### EXERCISE REQUIREMENTS
If a record below holds a picture, drop the picture and restate everything else word for word.
===== EXERCISE INPUTS =====
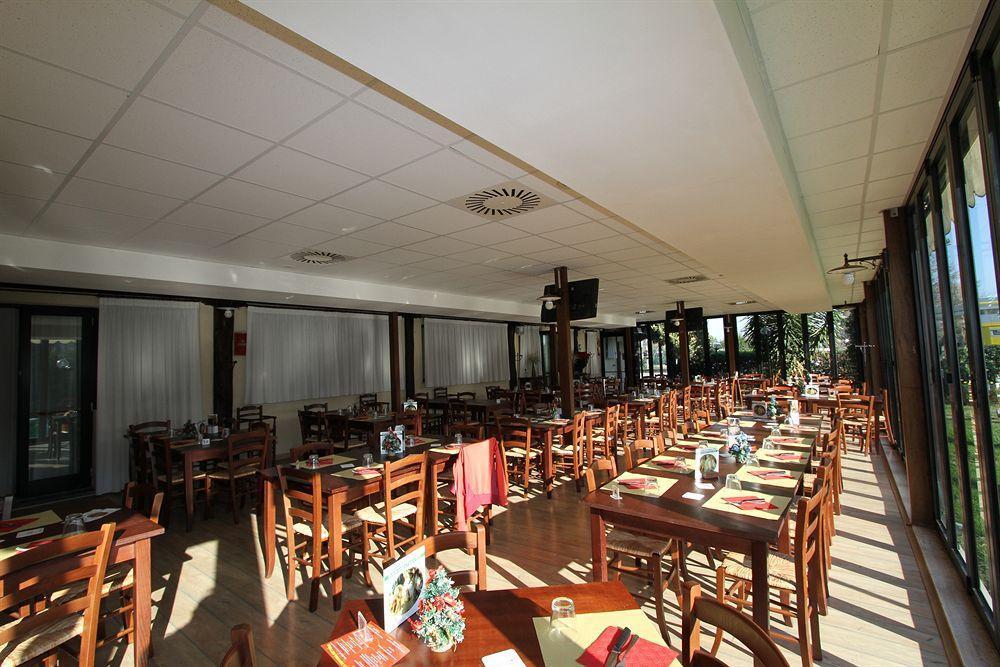 La Vecchia Fattoria Hotel Loreto Bagian luar foto
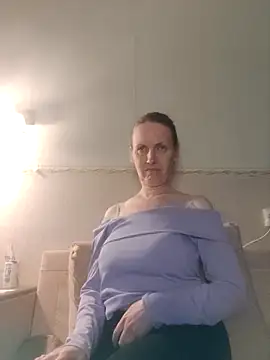 Evelina cute online show from 10-28-25, 06:07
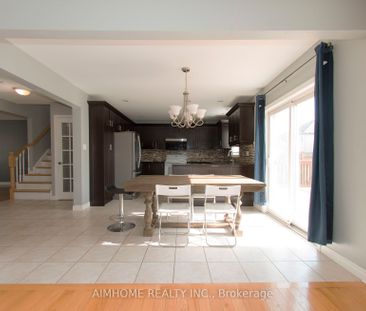 Detached Home For Lease | W8141578 - Photo 6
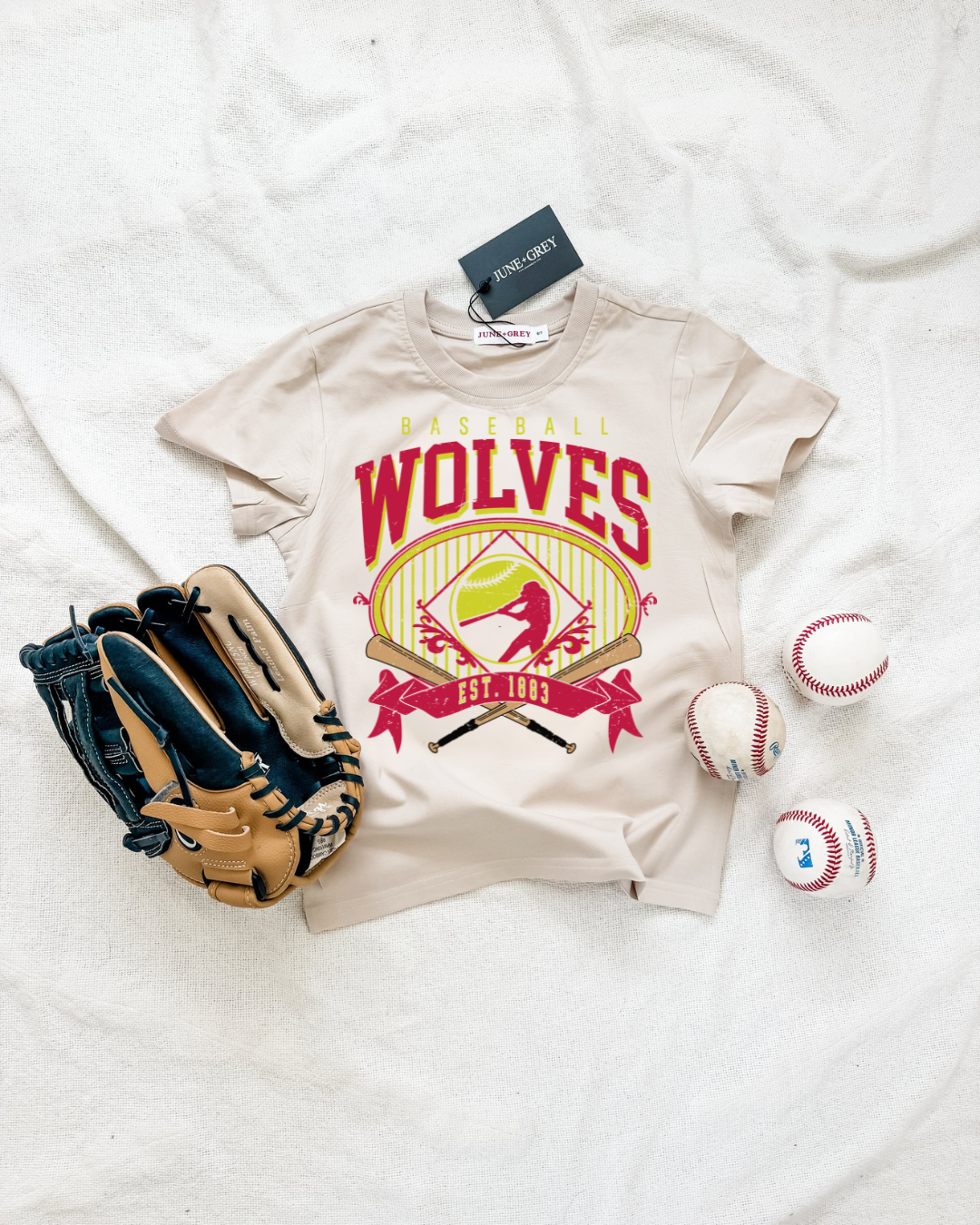 WOLVES BASEBALL tee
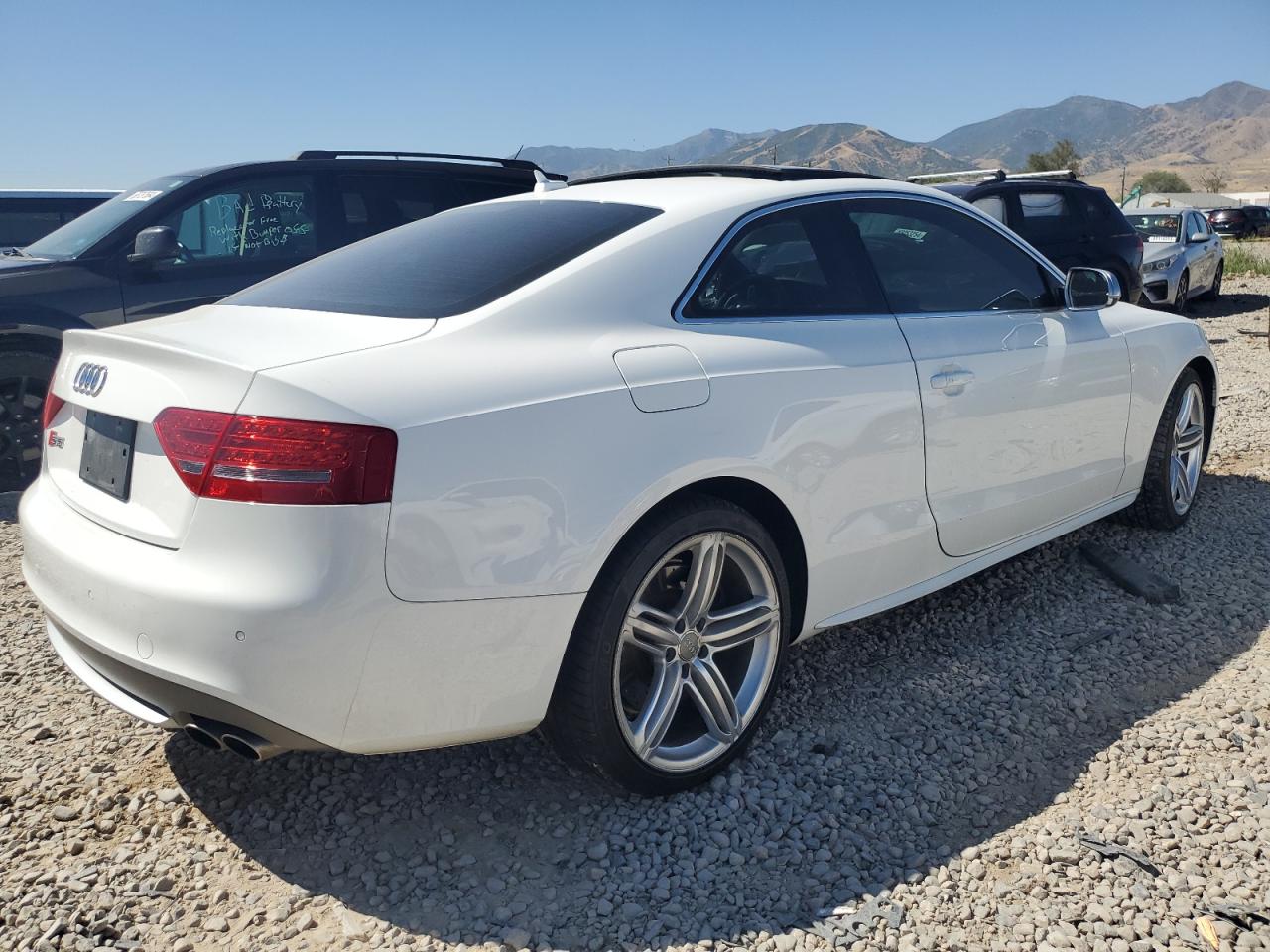 2011 Audi S5 Premium Plus VIN: WAUCVAFRXBA038663 Lot: 69262354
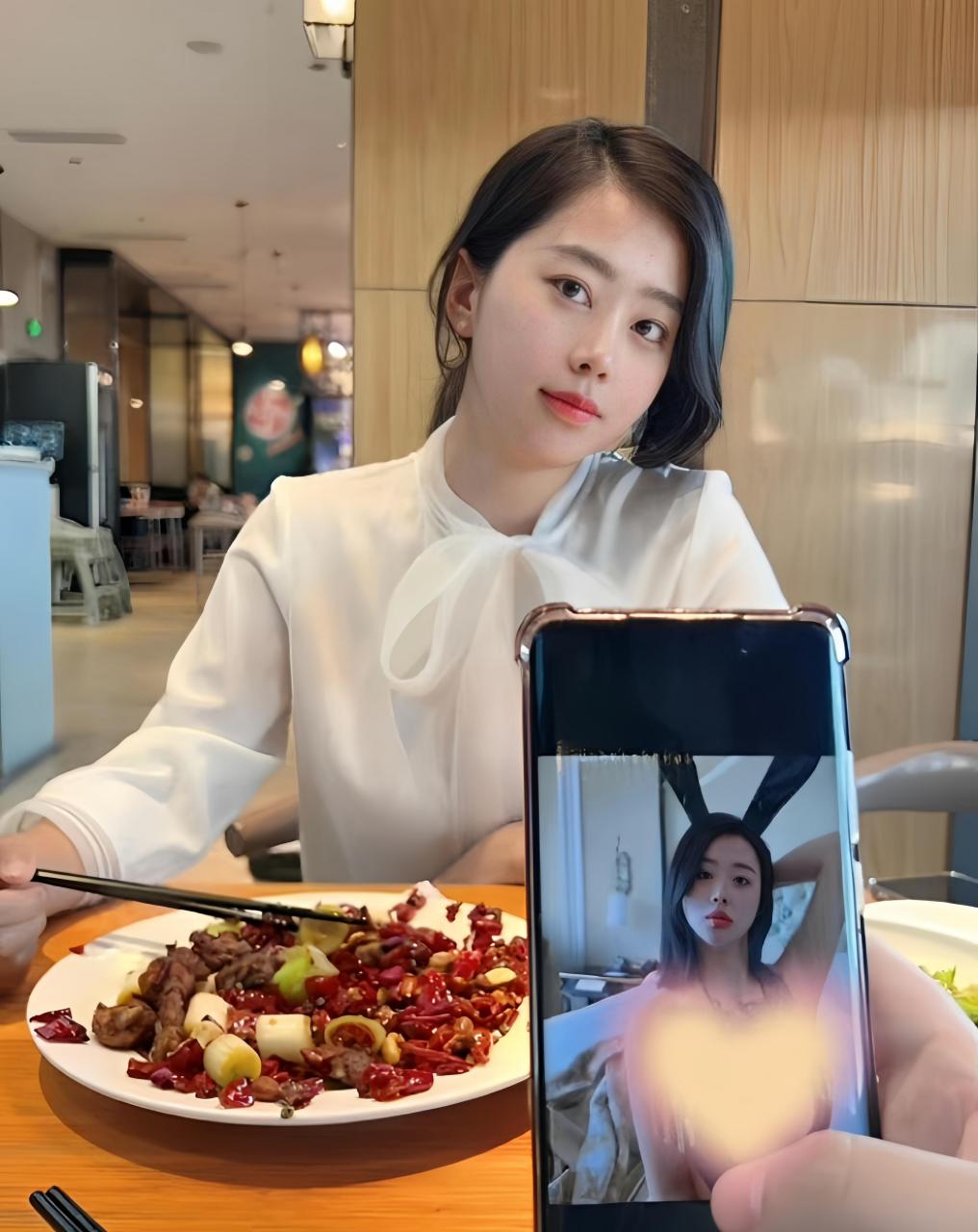 张老师本人比照片漂亮啊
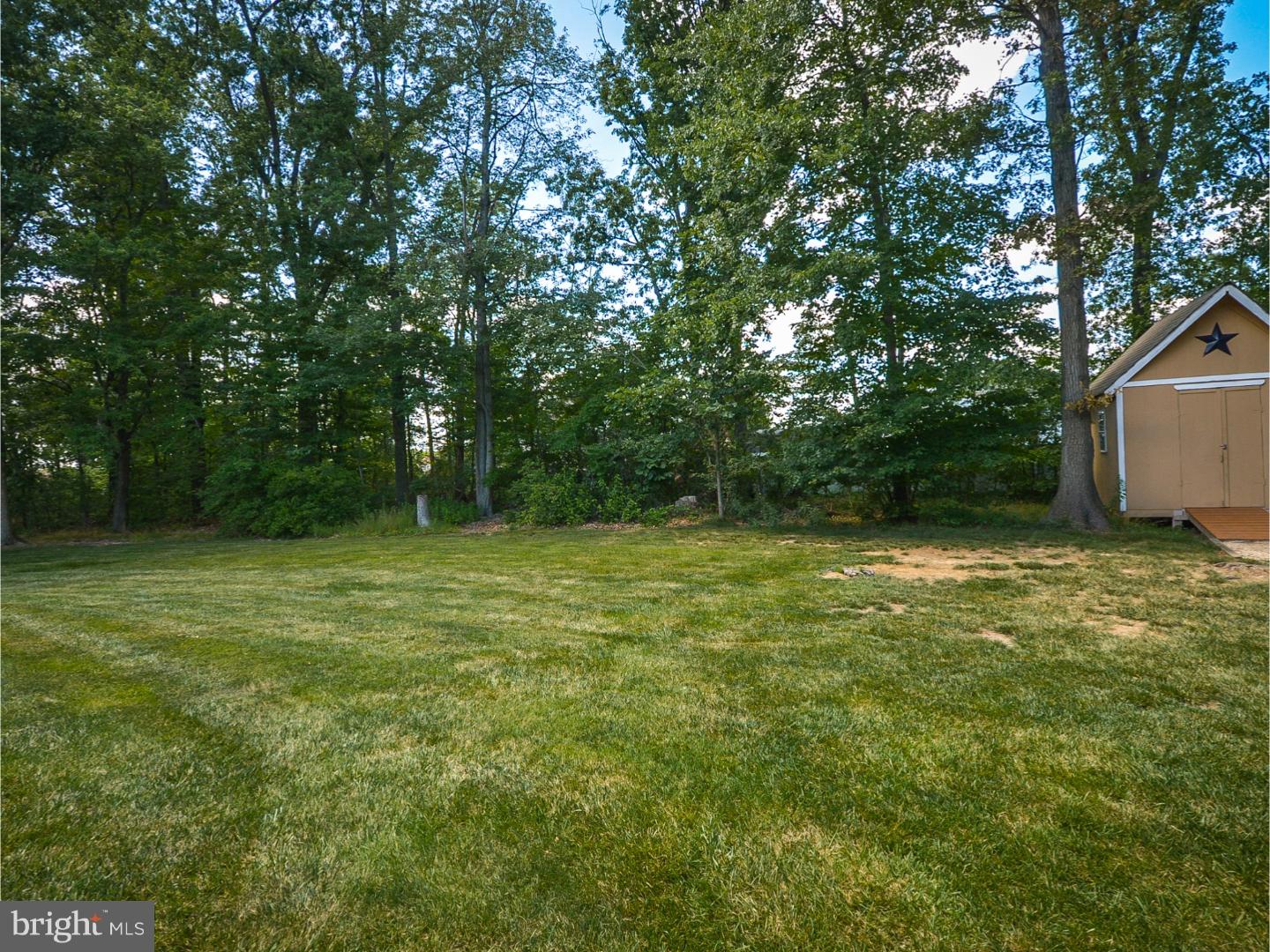 636 Griffiths Road Warrington, PA 18976 - Photo 22 of 25 Storage Shed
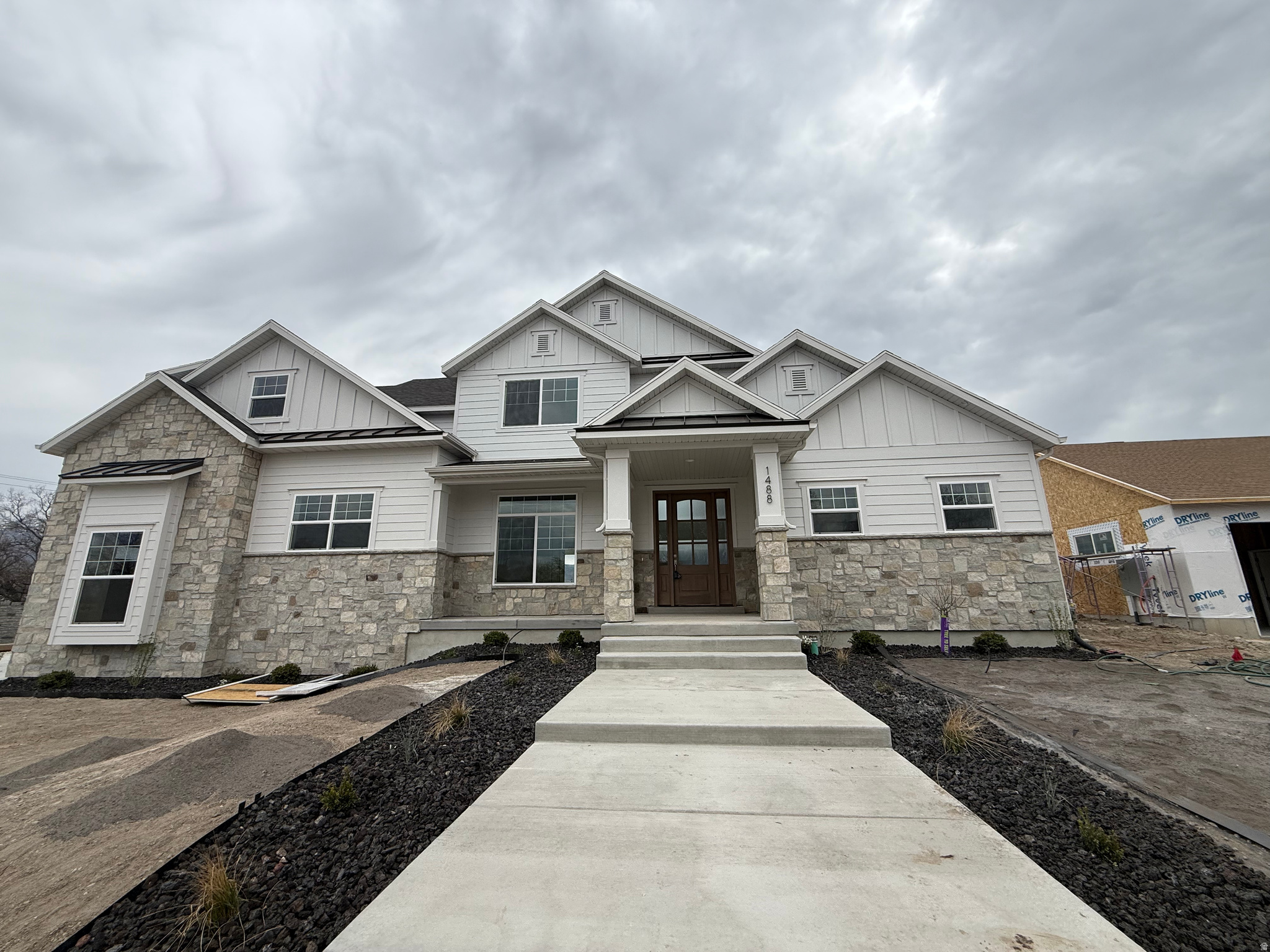 WHISPER HOLLOW - Residential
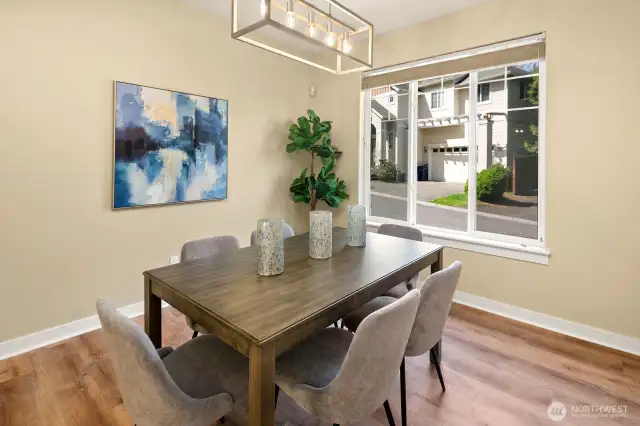 Flex space/Dining
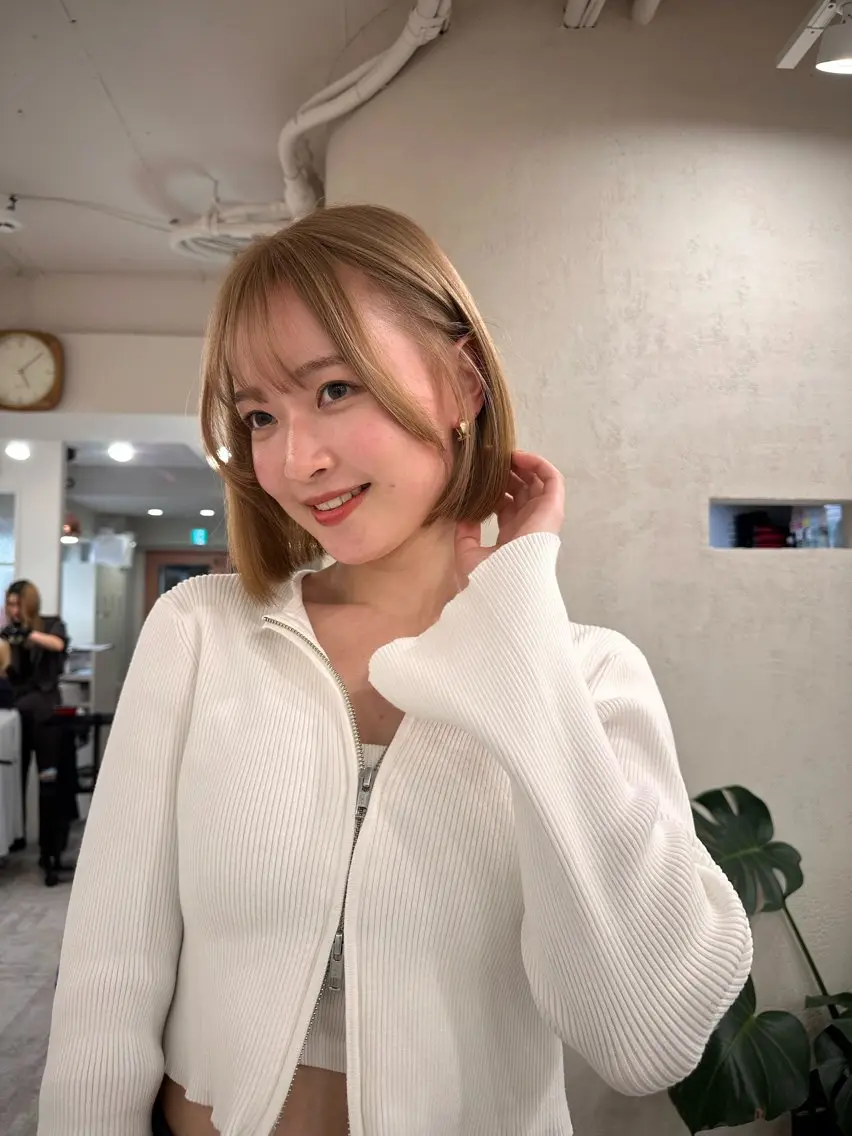ショート カット ヘアカラー ボブ、レイヤー、 ハイトーン、古淵のヘアスタイル
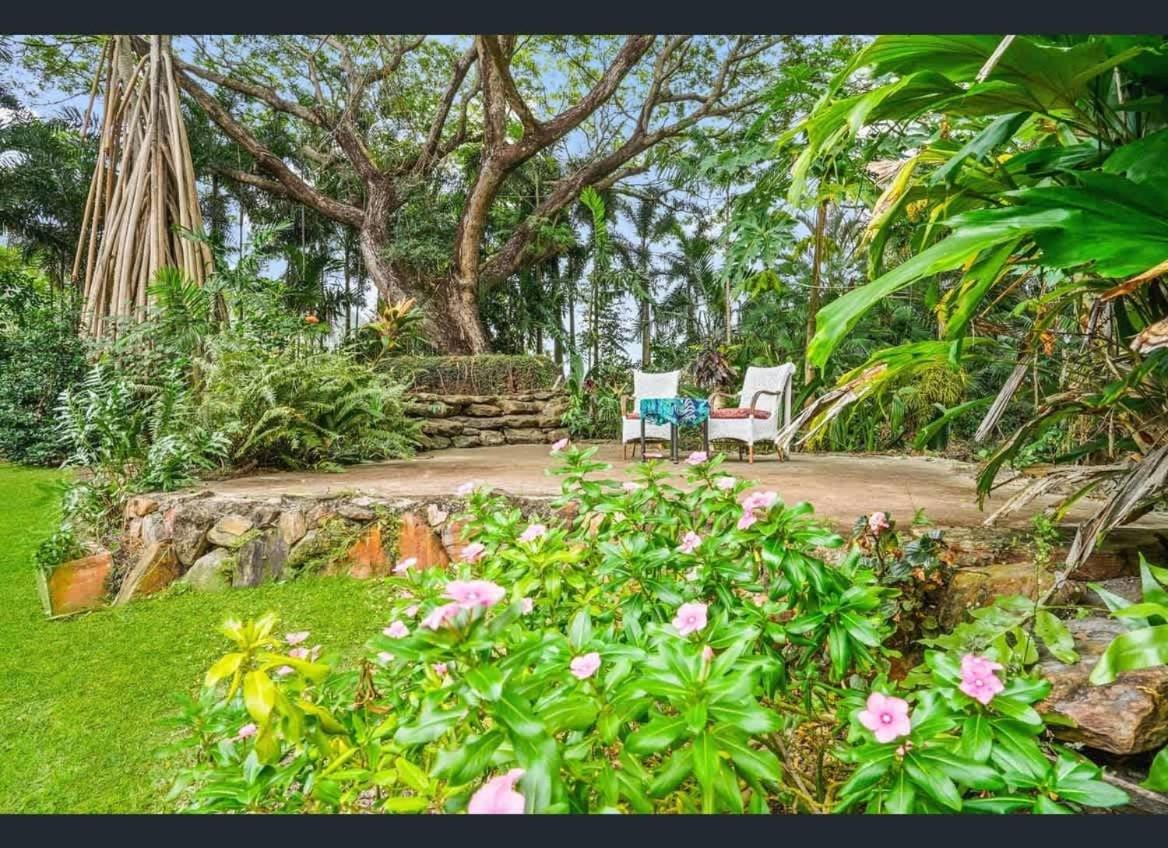 Enchanted Garden Escape - Bed and Breakfast Mowbray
=====
### RESPONSE BOX
 La Vecchia Fattoria Hotel Loreto Bagian luar foto
 Evelina cute online show from 10-28-25, 06:07
 Detached Home For Lease | W8141578 - Photo 6
 WOLVES BASEBALL tee
 2011 Audi S5 Premium Plus VIN: WAUCVAFRXBA038663 Lot: 69262354
 张老师本人比照片漂亮啊
 636 Griffiths Road Warrington, PA 18976 - Photo 22 of 25 Storage Shed
 WHISPER HOLLOW - Residential
 Flex space/Dining
ショート カット ヘアカラー ボブ、レイヤー、 ハイトーン、古淵のヘアスタイル
 Enchanted Garden Escape - Bed and Breakfast Mowbray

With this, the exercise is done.